▶ _What you need to do_
Leave out each picture. Repeat everything else in the records exactly.

─── Supplied material

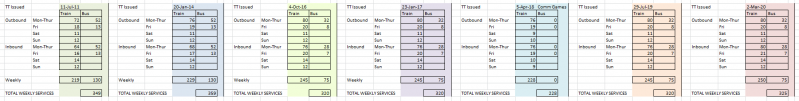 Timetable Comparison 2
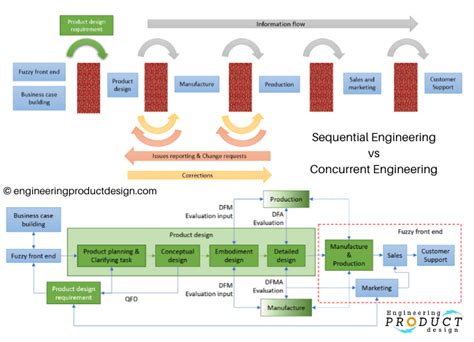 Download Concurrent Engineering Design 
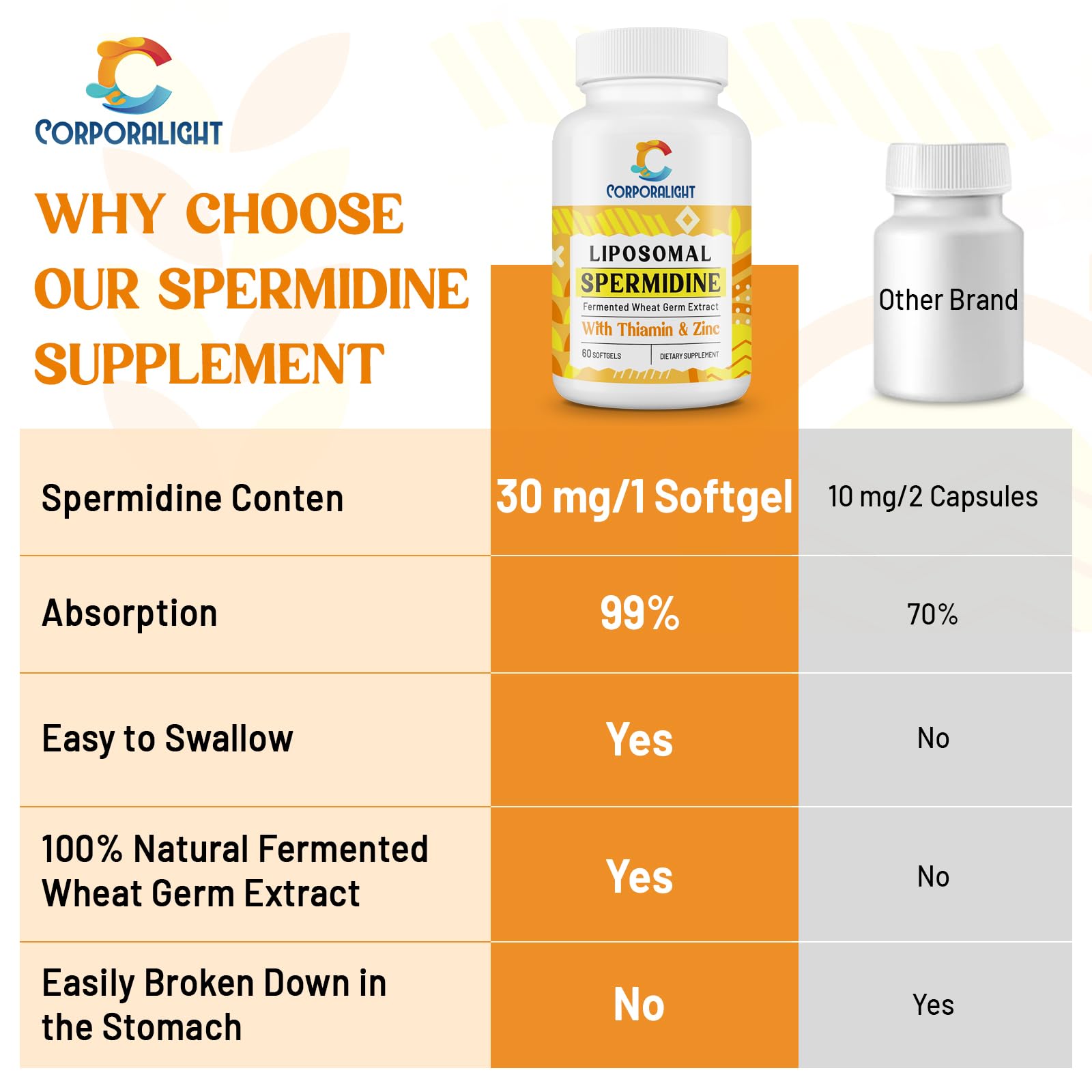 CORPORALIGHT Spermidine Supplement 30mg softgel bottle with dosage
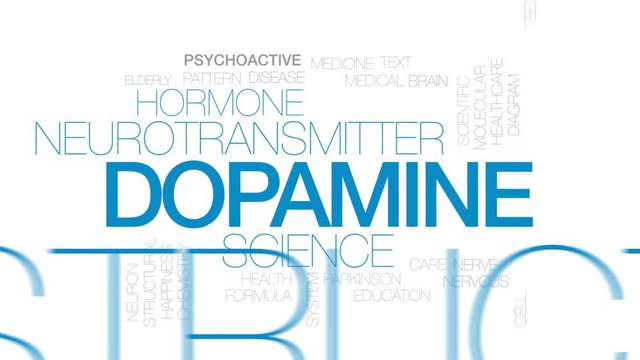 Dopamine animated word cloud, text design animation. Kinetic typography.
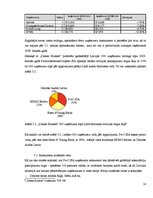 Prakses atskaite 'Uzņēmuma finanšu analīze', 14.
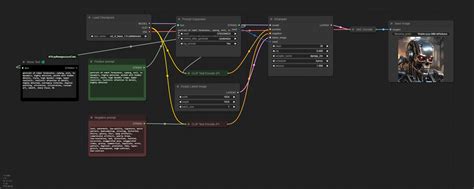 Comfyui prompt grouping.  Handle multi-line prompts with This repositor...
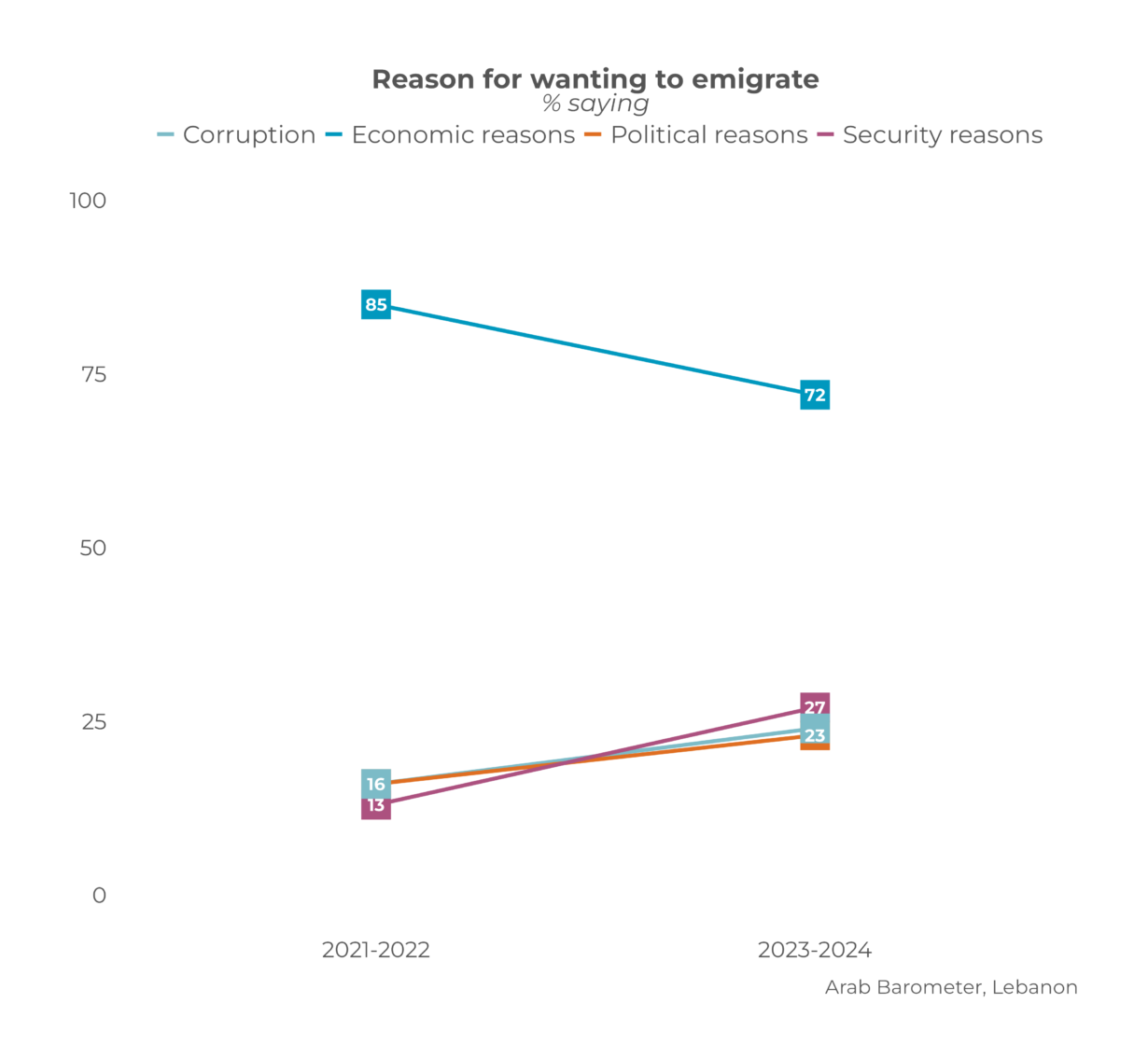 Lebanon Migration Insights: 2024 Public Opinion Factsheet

──────

▶ _Response to the task_
 Timetable Comparison 2
 Download Concurrent Engineering Design 
 CORPORALIGHT Spermidine Supplement 30mg softgel bottle with dosage
 Dopamine animated word cloud, text design animation. Kinetic typography.
 Prakses atskaite 'Uzņēmuma finanšu analīze', 14.
 Comfyui prompt grouping.  Handle multi-line prompts with This repositor...
 Lebanon Migration Insights: 2024 Public Opinion Factsheet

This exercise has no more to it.